*EXERCISE DESCRIPTION*.
Strip the pictures and reproduce the rest of the listing exactly.

*SOURCE DATA*.
== Segment start ==

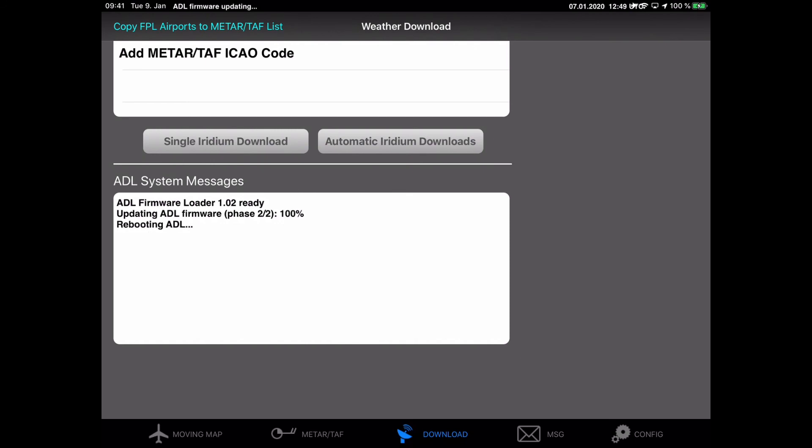Finally, at the end of the second phase of the firmware update process, the device will reboot again. It will then run on the new firmware version and be ready to use immediately. Thanks a lot for watching and fly safe.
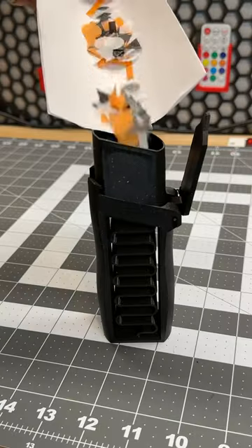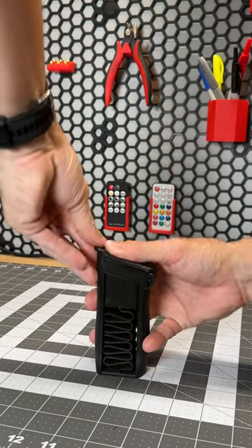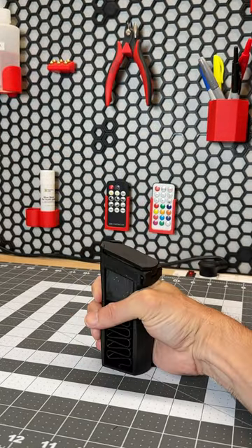I loaded them up here into the cannon, and then this spring is really strong, so I had to hold it by hand, and then when I let it go — party time.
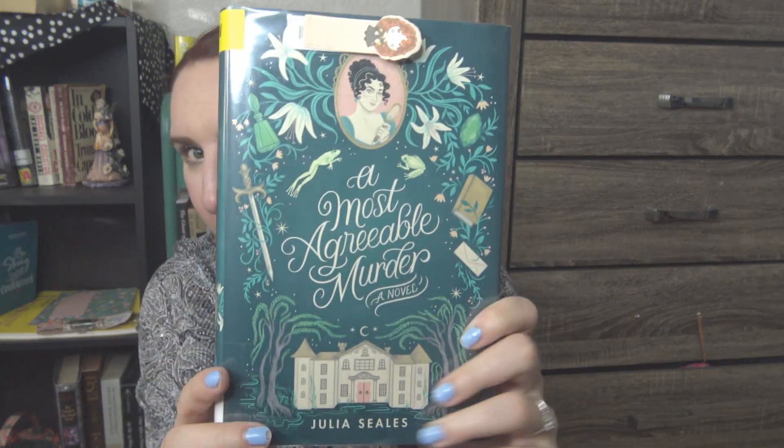I have A Most Agreeable Murder, a novel by Julia Seals. I talked about this in a new release video — I think it came out around June 2nd or maybe May. Basically this is like Agatha Christie meets Jane Austen. Even the artwork looks like something out of a Jane Austen novel. We have the character feisty, passionate Beatrice Steele, who never felt like she fit into the true lady stereotype. It's a historical fiction cozy set in a small town in England. Beatrice is very outspoken — she doesn't like to sew, she doesn't want to sing, and she's not into the domestic sphere she's expected to excel at.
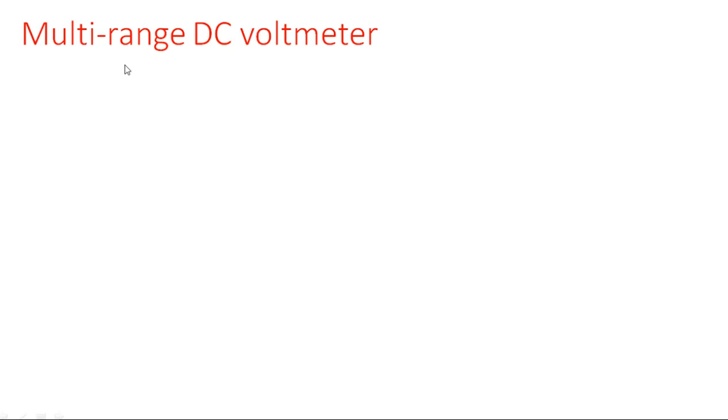In this lecture we are going to see multi-range DC voltmeter - shunt type and series type. In the previous lecture we saw the basic DC voltmeter, how a d'Arsonval movement can be converted into a voltmeter by connecting a multiplier resistor in series with the meter. This single combination measures only a single voltage. For multi-range, we need more multiplier resistors. If we connect them all in parallel, that is the shunt type; if in series, that is the series type.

== Segment end ==

*ANSWER SECTION*.
Finally, at the end of the second phase of the firmware update process, the device will reboot again. It will then run on the new firmware version and be ready to use immediately. Thanks a lot for watching and fly safe.
I loaded them up here into the cannon, and then this spring is really strong, so I had to hold it by hand, and then when I let it go — party time.
I have A Most Agreeable Murder, a novel by Julia Seals. I talked about this in a new release video — I think it came out around June 2nd or maybe May. Basically this is like Agatha Christie meets Jane Austen. Even the artwork looks like something out of a Jane Austen novel. We have the character feisty, passionate Beatrice Steele, who never felt like she fit into the true lady stereotype. It's a historical fiction cozy set in a small town in England. Beatrice is very outspoken — she doesn't like to sew, she doesn't want to sing, and she's not into the domestic sphere she's expected to excel at.
In this lecture we are going to see multi-range DC voltmeter - shunt type and series type. In the previous lecture we saw the basic DC voltmeter, how a d'Arsonval movement can be converted into a voltmeter by connecting a multiplier resistor in series with the meter. This single combination measures only a single voltage. For multi-range, we need more multiplier resistors. If we connect them all in parallel, that is the shunt type; if in series, that is the series type.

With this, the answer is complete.